▶ RAW DATA

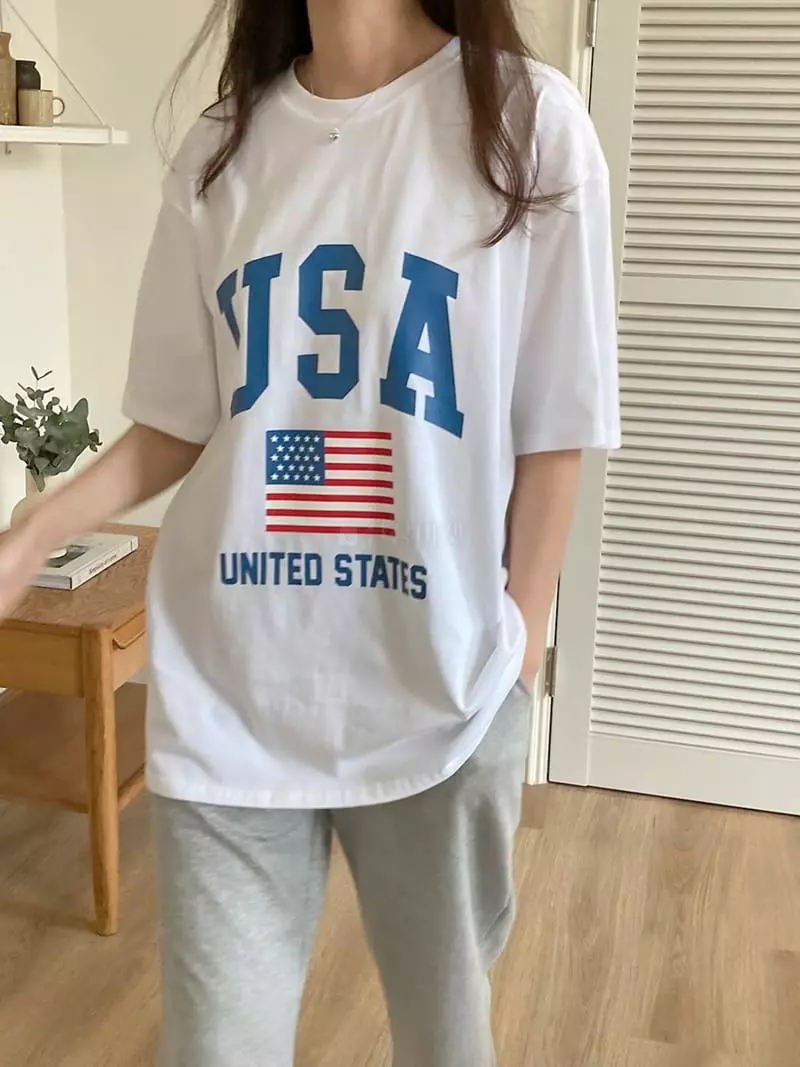 Tahiti - Korean Women Fashion - #womensfashion - USA Tee - 4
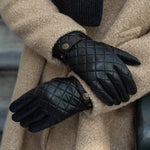 Smith (noir) - Gants en peau de mouton avec bouton-pression & fonction écran tactile - Schwartz & von Halen FR - Gants en Cuir - 7
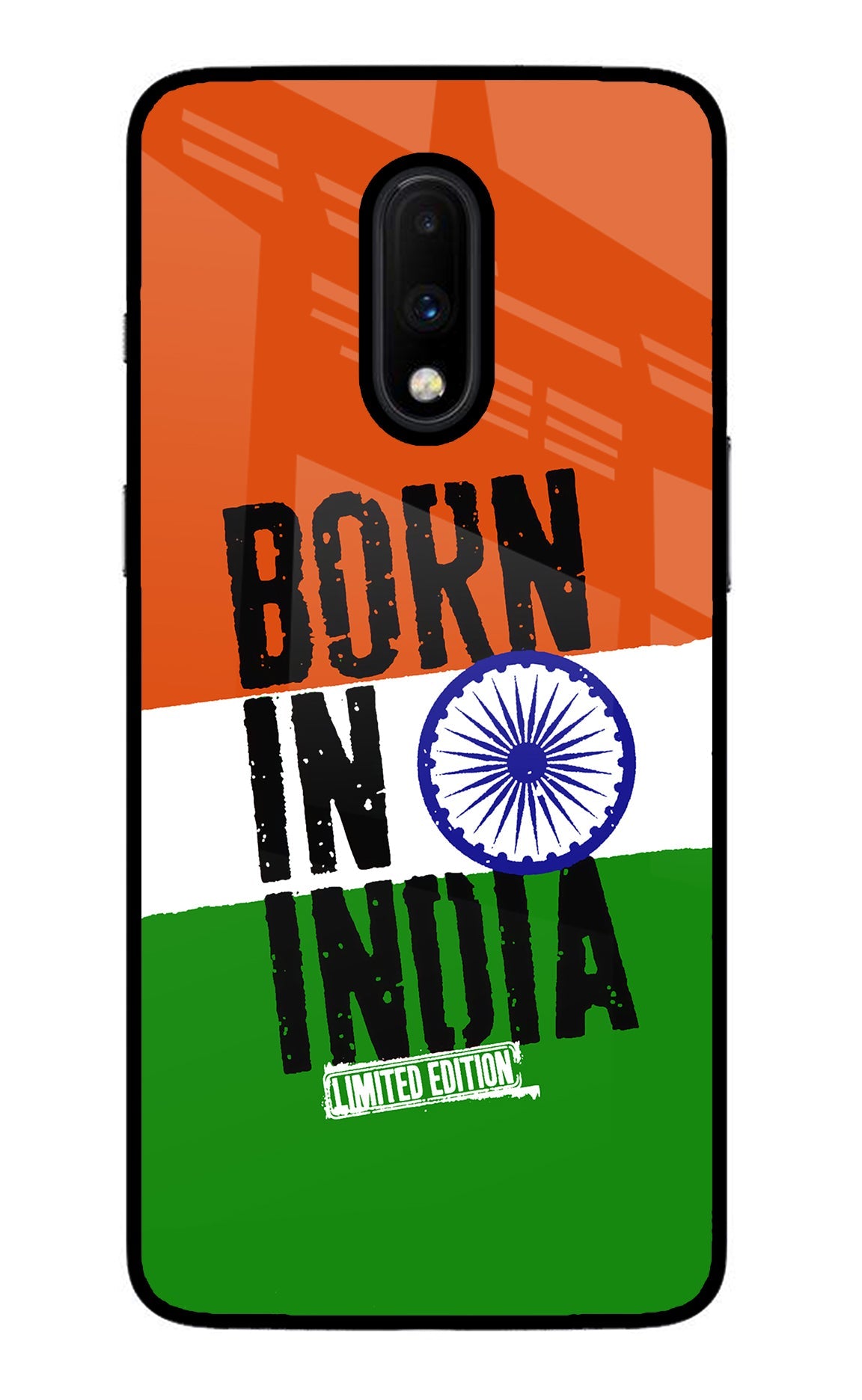 Born in India Oneplus 7 Back Cover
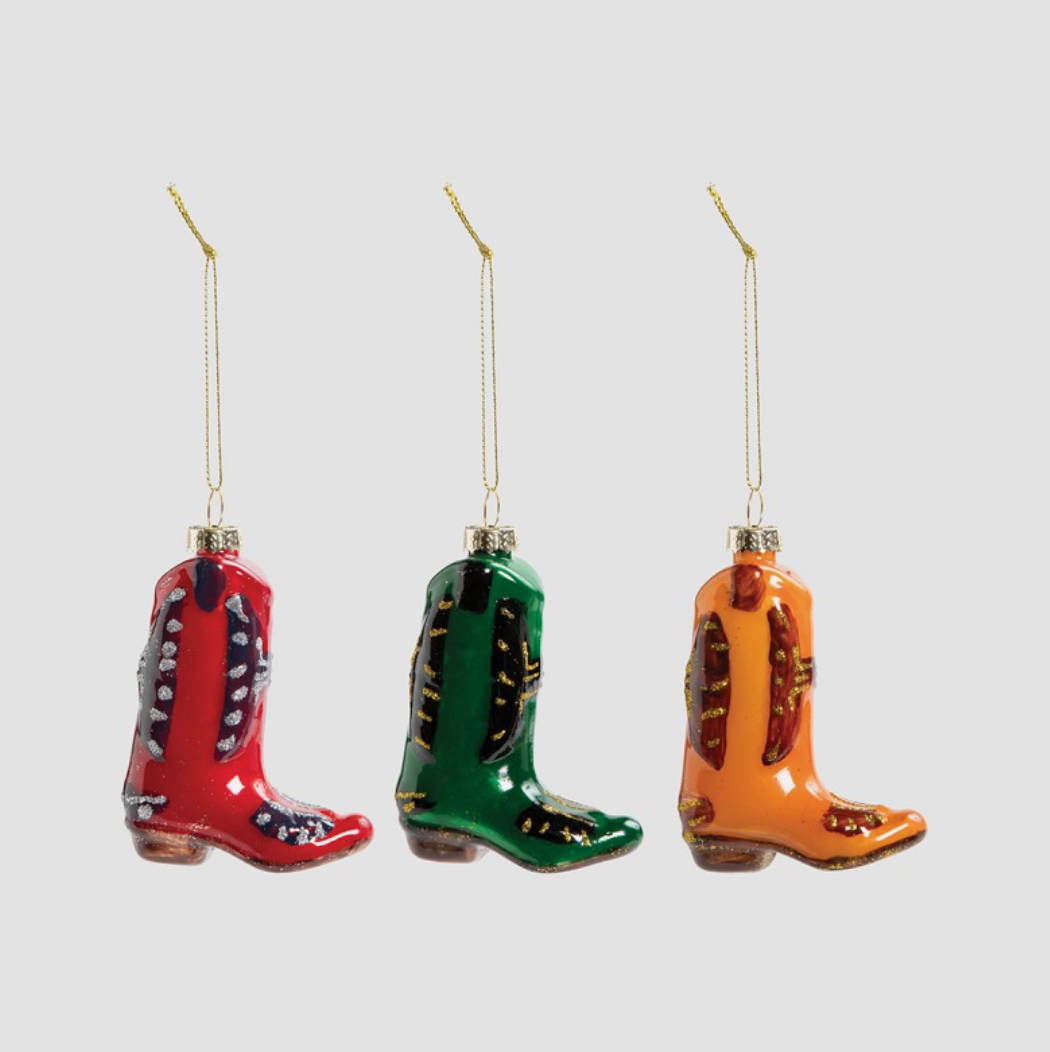 COWBOY BOOTS ORNAMENT 〰️ 3 PCS.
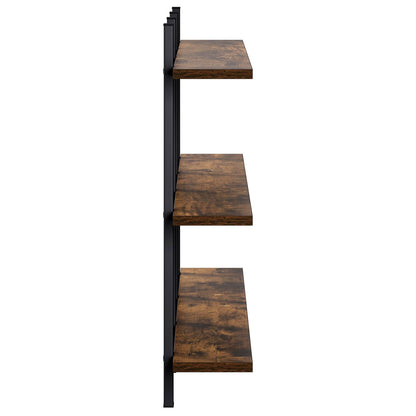 vidaXL Wall Shelf Smoked Oak 102 x 13.5 x 58 cm Engineered Wood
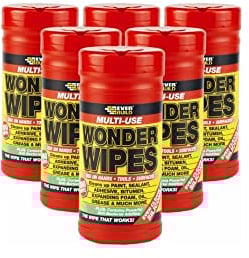 Everbuild WIPE80X6 Wonder Wipes, 6 Tubes of 100 Wipes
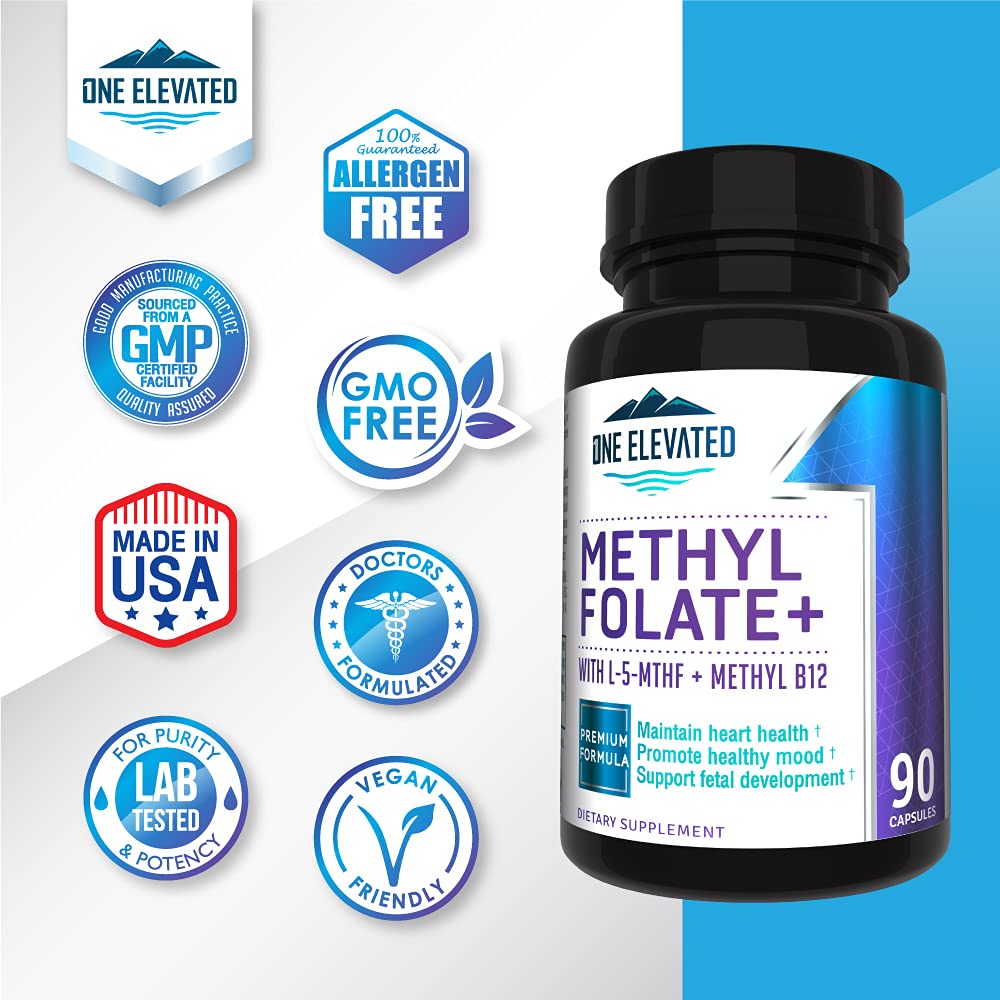 One Elevated quality seal and lab report indicating third-party tested purity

▶ WHAT YOU ARE ASKED TO DO
Reproduce only the lines of the records from the start up to and including the line that holds "vidaXL Wall Shelf"; do not carry over any picture.

▶ SOLUTION TO THE PROBLEM
 Tahiti - Korean Women Fashion - #womensfashion - USA Tee - 4
 Smith (noir) - Gants en peau de mouton avec bouton-pression & fonction écran tactile - Schwartz & von Halen FR - Gants en Cuir - 7
 Born in India Oneplus 7 Back Cover
 COWBOY BOOTS ORNAMENT 〰️ 3 PCS.
 vidaXL Wall Shelf Smoked Oak 102 x 13.5 x 58 cm Engineered Wood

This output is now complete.